__YOUR ASSIGNMENT__:
Only one stretch of the material below is wanted: everything from the line containing "in onze outlet" down to the line containing "Advanced robot demonstrating", both ends included. Repeat it exactly and skip the pictures.

__SOURCE DATA__:
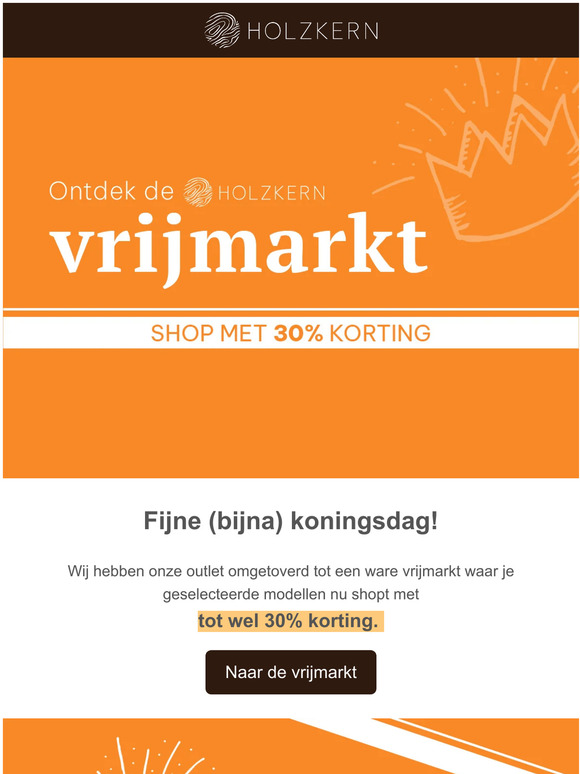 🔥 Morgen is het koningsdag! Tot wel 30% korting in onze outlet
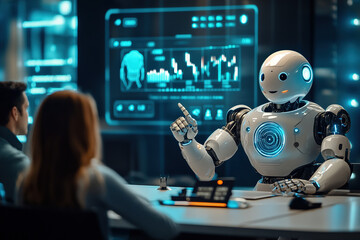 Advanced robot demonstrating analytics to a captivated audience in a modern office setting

...

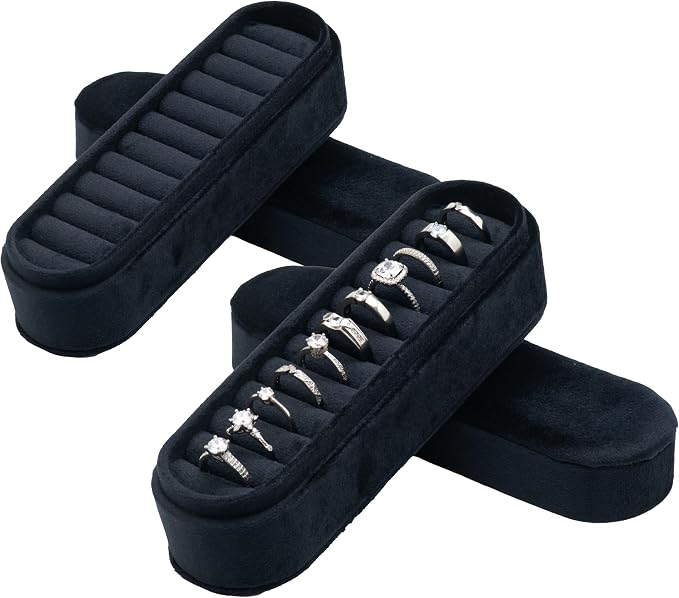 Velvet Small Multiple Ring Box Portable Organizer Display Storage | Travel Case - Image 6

__ANSWER BOX__:
 🔥 Morgen is het koningsdag! Tot wel 30% korting in onze outlet
 Advanced robot demonstrating analytics to a captivated audience in a modern office setting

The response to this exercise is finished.